The National Institutes of Health (NIH) awarded a research team at the George Washington University (GW) $7.8 million to establish a rare disease network for myasthenia gravis. The network, which will be part of 25 established NIH Rare Diseases Clinical Research Networks, will include basic and clinical investigators, patient advocacy groups, and biotechnology and pharmaceutical companies working together to enhance therapeutic development for this rare disease.
Henry Kaminski, MD, chair of the Department of Neurology and Meta Amalia Neumann Professor of Neurology at the GW School of Medicine and Health Sciences (SMHS), is a world-renowned expert in myasthenia gravis and has spent decades studying the disease. He is joined by Linda Kusner, PhD, associate research professor of pharmacology and physiology at GW SMHS, and Alison Hall, PhD, associate dean for research workforce development at GW SMHS, in leading this grant.
Myasthenia gravis is a chronic autoimmune disease that affects how well the nerves and muscles communicate with each other. Often patients experience extreme weakness, struggle with their vision, and are even hospitalized because of difficulty breathing. “This grant will give the researcher community the needed infrastructure to study this rare disease in order to develop new therapies.

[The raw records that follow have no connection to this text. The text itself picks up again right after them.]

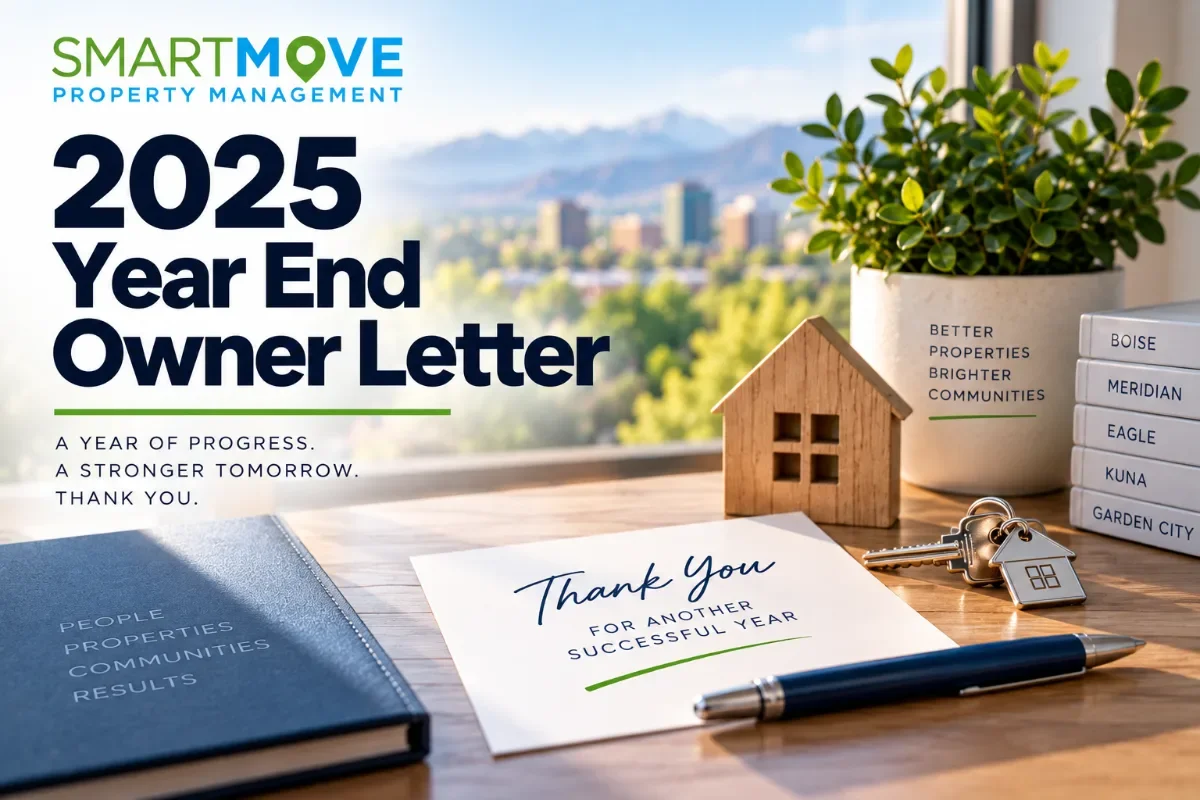SmartMove Property Management's 2025 Year End Owner Letter featuring a desk with property symbols and city service areas.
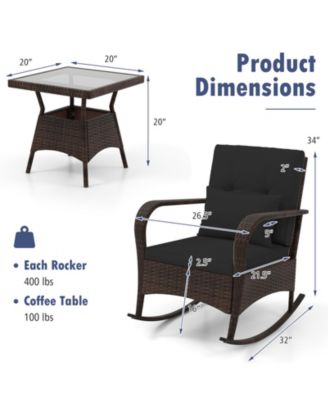 3-Piece PE Wicker Rocking Chair Patio Set with Tempered Glass Table – Ideal for Poolside, Backyard, or Porch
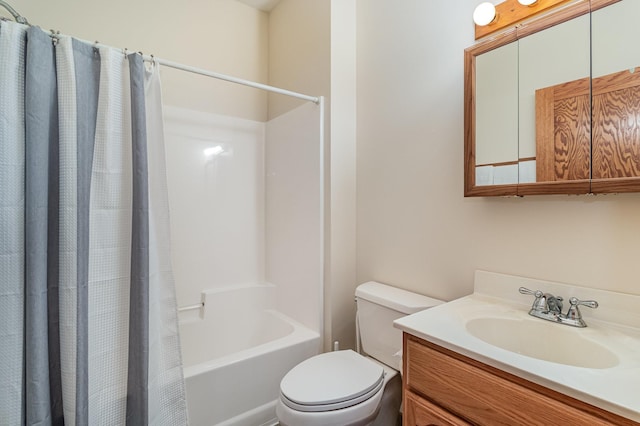 16331 Crosstown Blvd NW, Andover, MN 55304 - bathroom featuring toilet, vanity, and shower / tub combo with curtain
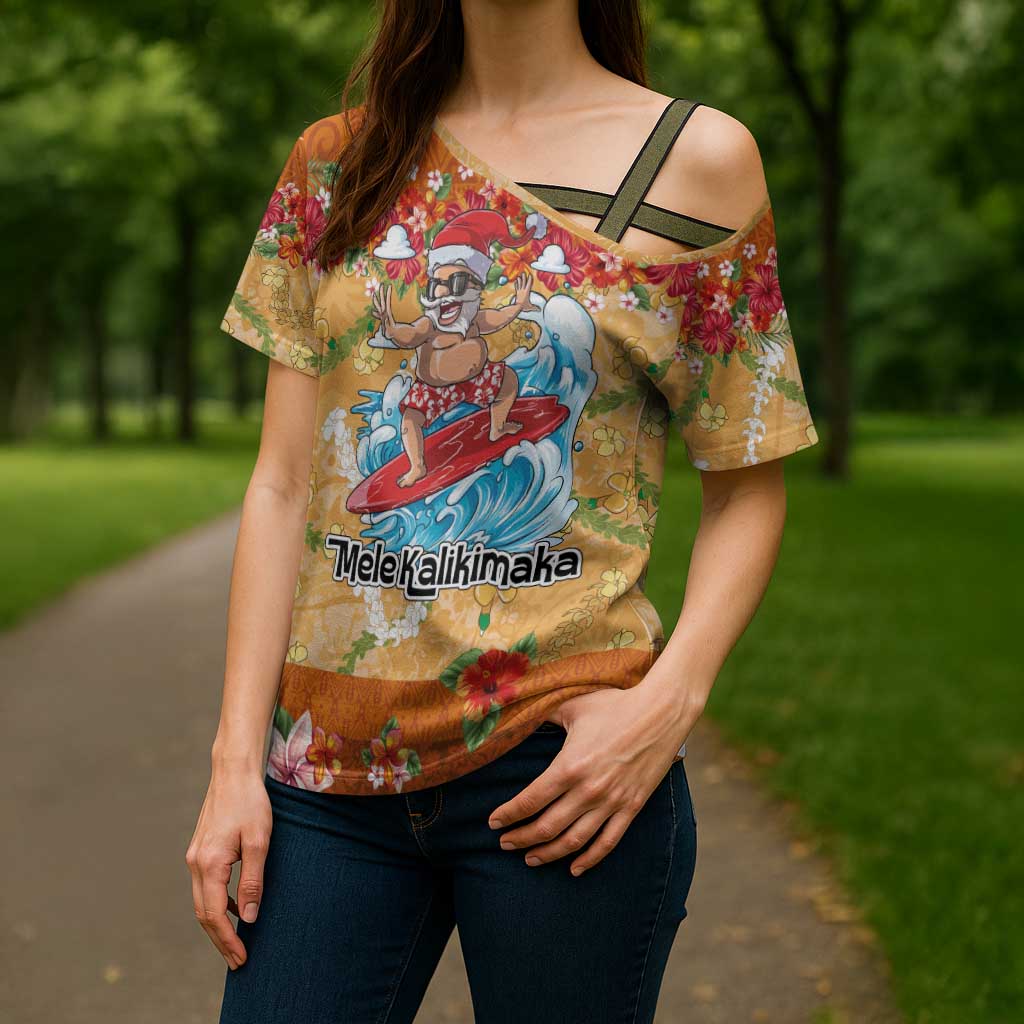 Hawaii Mele Kalikimaka Cross Shoulder Shirt Funny Santa Claus Surfing on Tropical Plants - Polynesian Pride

Henry Kaminski, MD, chair of the Department of Neurology
The grant will fund research into the underlying pathophysiology of the disease. There is a lack of understanding of the different subtypes of myasthenia gravis, no known biomarkers, and a scarcity of research labs studying the disease. Upwards of 30% of patients are treatment resistant and all suffer from undesirable to dangerous adverse effects as a result of treatment. To remedy this, the grant will focus on studying the differences between ocular myasthenia and general myasthenia — they produce different antibodies that begin attacking nerve and muscle communication, which often change over time — and individualized medicine approaches for the 10% of myasthenia gravis patients who develop tumors triggered by the disease. The research team will also identify and collect biospecimens for future study and follow myasthenia gravis patients in order to identify biomarkers.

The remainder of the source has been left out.